The Fifth Element
Luc Besson crafts a singular vision of the future with this action-adventure film, in which Bruce Willis' New York cabbie is caught up in a scheme to battle an ancient evil.
Besson wrote the outline for The Fifth Element when he was a teenager, and it shows – the universe can only be saved by our hero copping off with Milla Jovovich's babbling alien Messiah. But the plot's really just a vehicle on which to hang the spectacular visuals. Drawing from French sci-fi comic books, it takes in sweeping cityscapes, ancient monoliths and starliners populated by extras swanning around in Jean-Paul Gaultier's finest finery.
Plus you get to see Gary Oldman wearing a bit of plastic on his head and waving a massive sci-fi gun around. What's not to like?
There Will Be Blood
Paul Thomas Anderson's modern American epic is stark and relentless; the first we see of protagonist Daniel Plainview is a 20-minute sequence in which Daniel Day-Lewis scrabbles wordlessly in the dirt for silver. From there, Plainview graduates to oil drilling; he's consumed by a relentless pursuit for the black gold, dispensing homespun charm to townsfolk as he tries to gull them out of their oil rights, using his adopted son as a prop to create an image of a family man.

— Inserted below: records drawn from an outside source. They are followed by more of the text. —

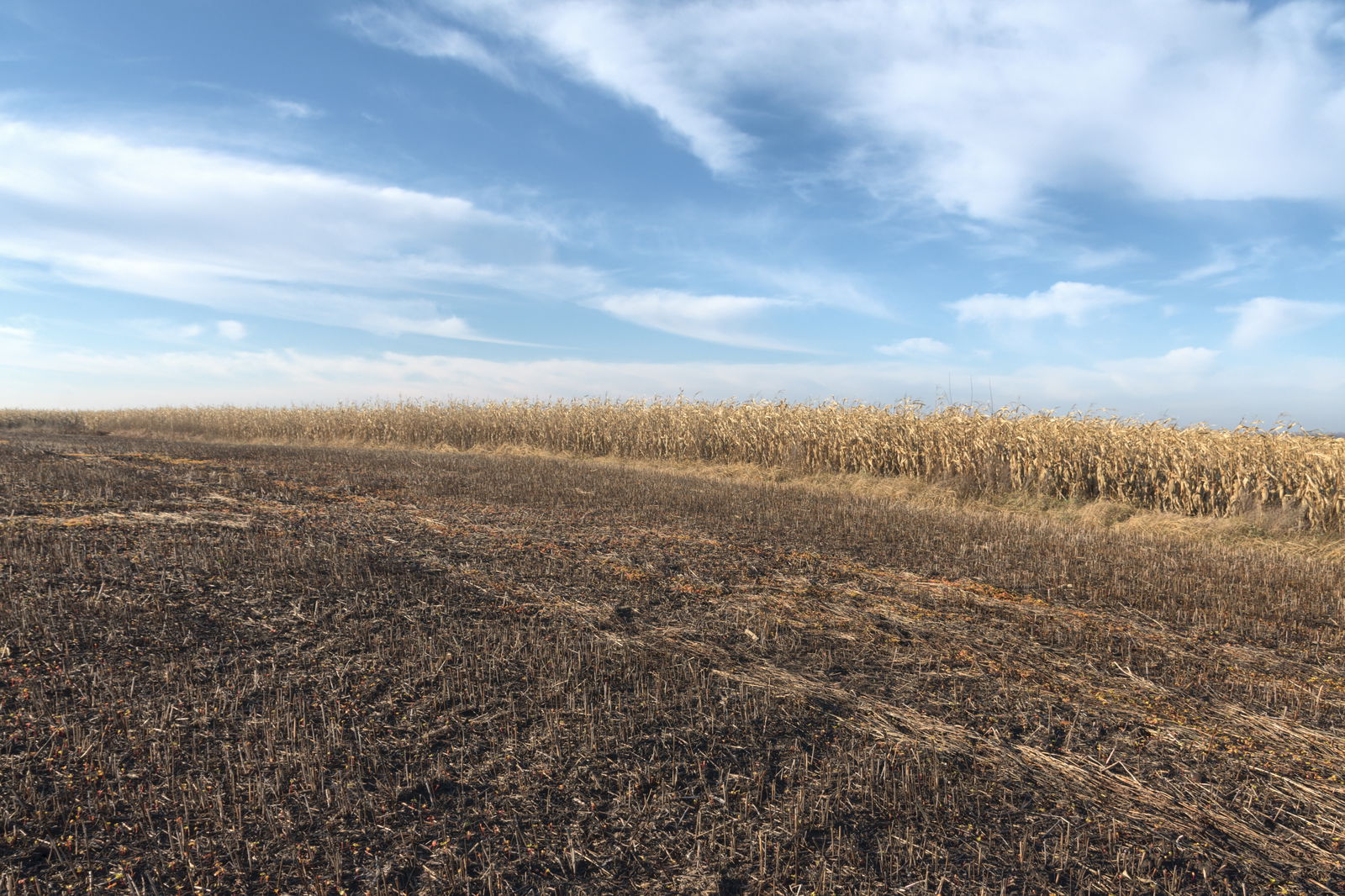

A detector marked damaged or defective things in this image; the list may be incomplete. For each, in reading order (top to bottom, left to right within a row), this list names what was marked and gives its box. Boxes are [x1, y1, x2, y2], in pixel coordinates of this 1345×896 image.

burnt crop stubble [3, 430, 1345, 888] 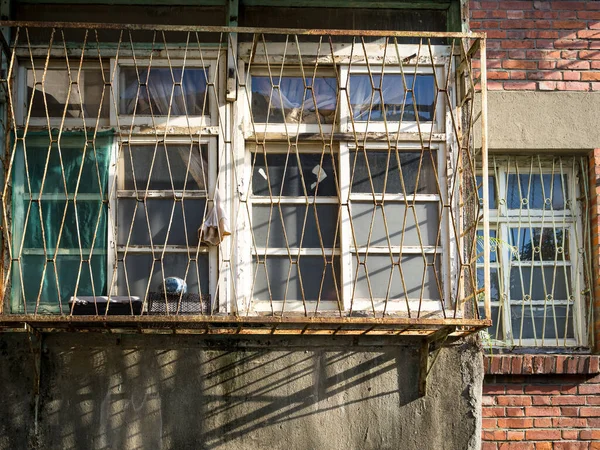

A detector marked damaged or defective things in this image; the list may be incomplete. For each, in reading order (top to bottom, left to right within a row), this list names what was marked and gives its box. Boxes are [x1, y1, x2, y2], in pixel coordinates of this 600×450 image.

rusty metal grating [0, 22, 490, 336] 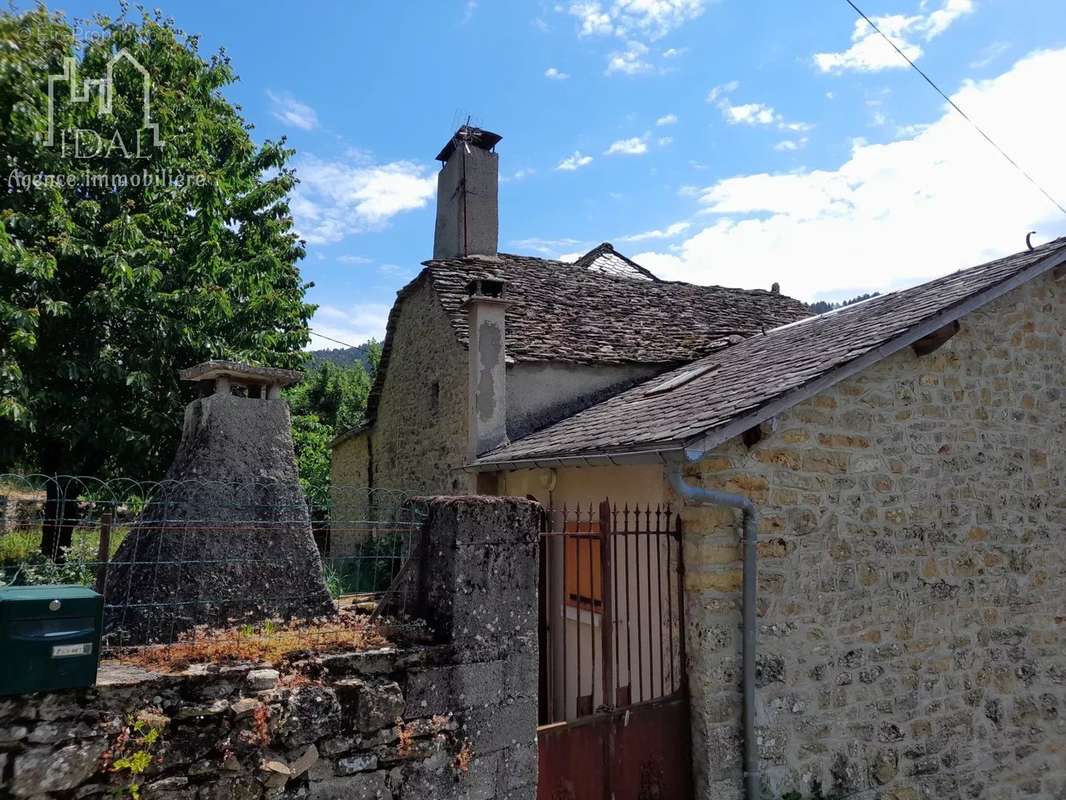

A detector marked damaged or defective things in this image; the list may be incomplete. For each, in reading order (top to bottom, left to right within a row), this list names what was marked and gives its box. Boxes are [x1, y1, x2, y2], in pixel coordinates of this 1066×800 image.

rusty iron gate [540, 500, 688, 800] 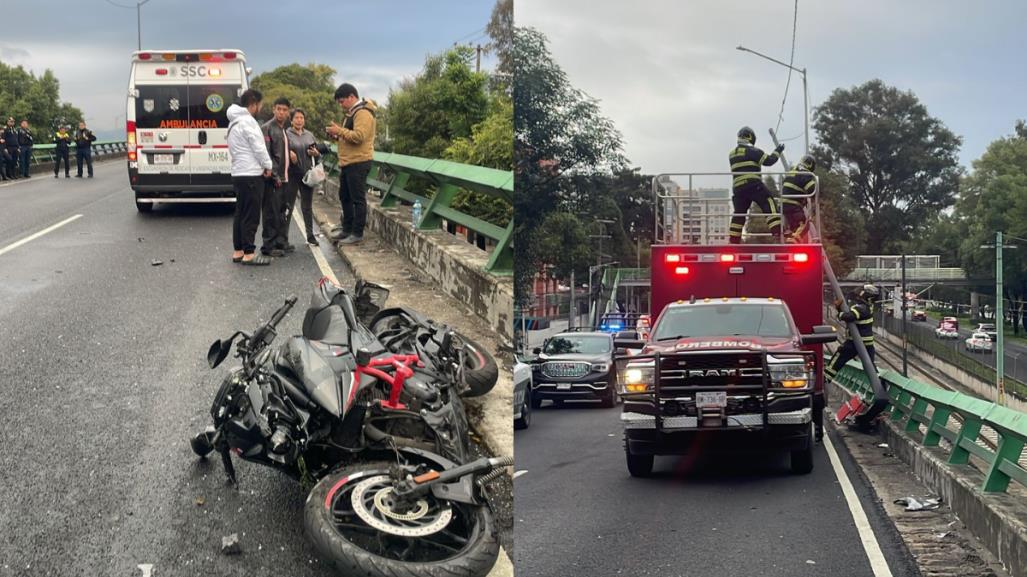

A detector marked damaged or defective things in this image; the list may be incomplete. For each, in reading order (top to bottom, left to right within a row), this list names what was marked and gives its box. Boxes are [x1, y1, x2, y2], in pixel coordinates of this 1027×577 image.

crashed motorcycle [190, 276, 506, 572] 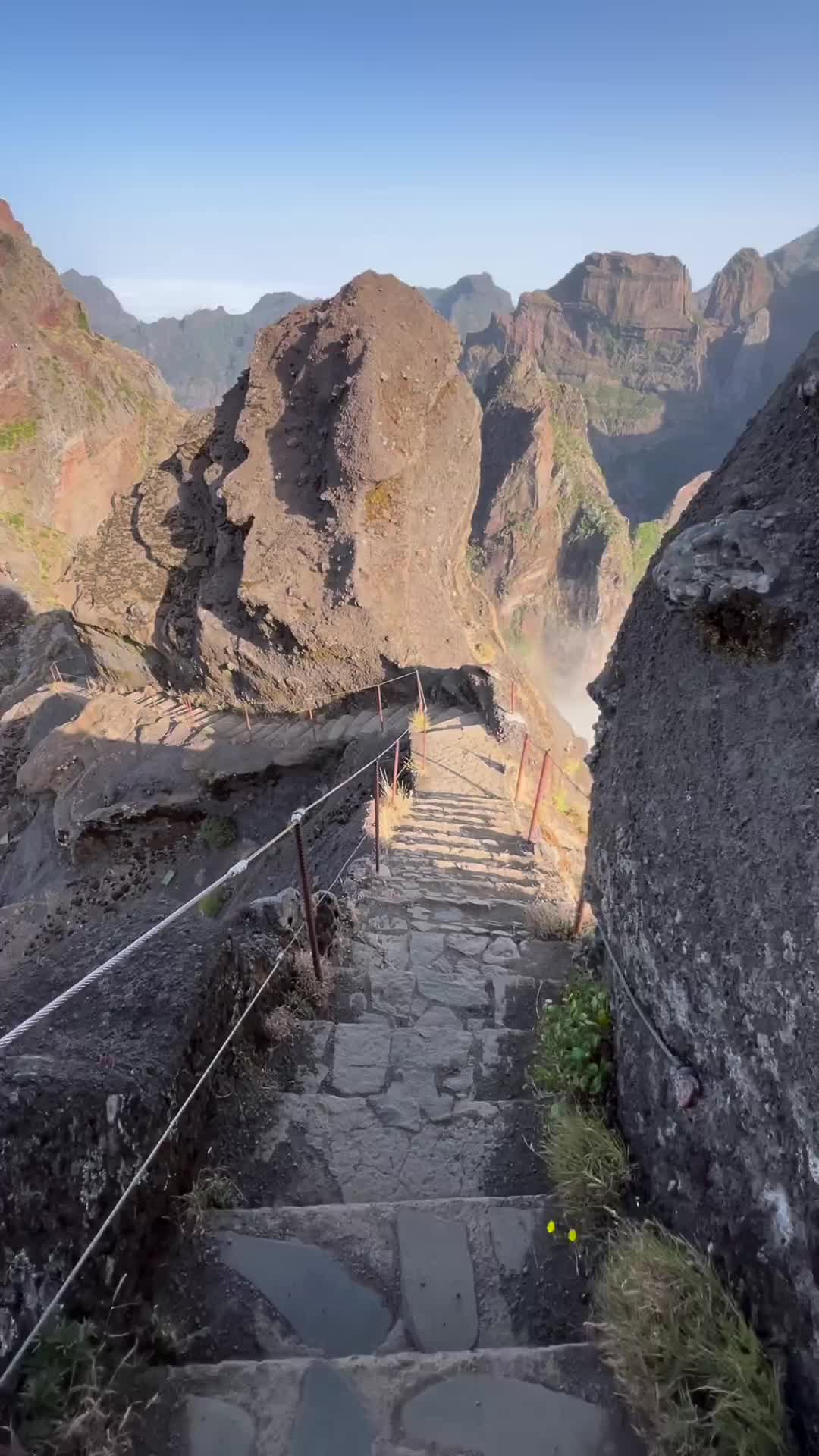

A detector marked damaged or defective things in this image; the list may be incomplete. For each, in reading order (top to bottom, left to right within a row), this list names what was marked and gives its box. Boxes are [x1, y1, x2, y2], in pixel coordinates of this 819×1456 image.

The only one who sees through him is Eli Sunday, and that's because he's equally corrupt; an evangelist who sees Plainview as a threat to the supremacy of his church. The stage is set for a grand clash between religion and capitalism, and it's played out in operatic fashion against the oil wells.
More after the break...
Terminator 2: Judgment Day
As Arnie dons the leather jacket and shades for another turn as the T-800, it's worth looking back at what many consider to be the highlight of the sci-fi franchise.
A decade after the original movie, Sarah Connor is no longer the target for rogue AI Skynet; it's her delinquent son John who's marked for termination. Skynet sends an assassin back in time – but the human resistance of the future have sent back their own protector for the young John Connor. With a huge increase in budget over its predecessor, T-2 abandons the original movie's grindhouse/slasher film feel in favour of slick action setpieces.
James Cameron's script moves like a well-oiled machine; his ability to craft an action movie that weaves together spectacle, emotion and character is vastly underrated. It's a shame that all the promotional material gave away the film's big twist – which of the two time-travellers is the villain – because it's handled masterfully.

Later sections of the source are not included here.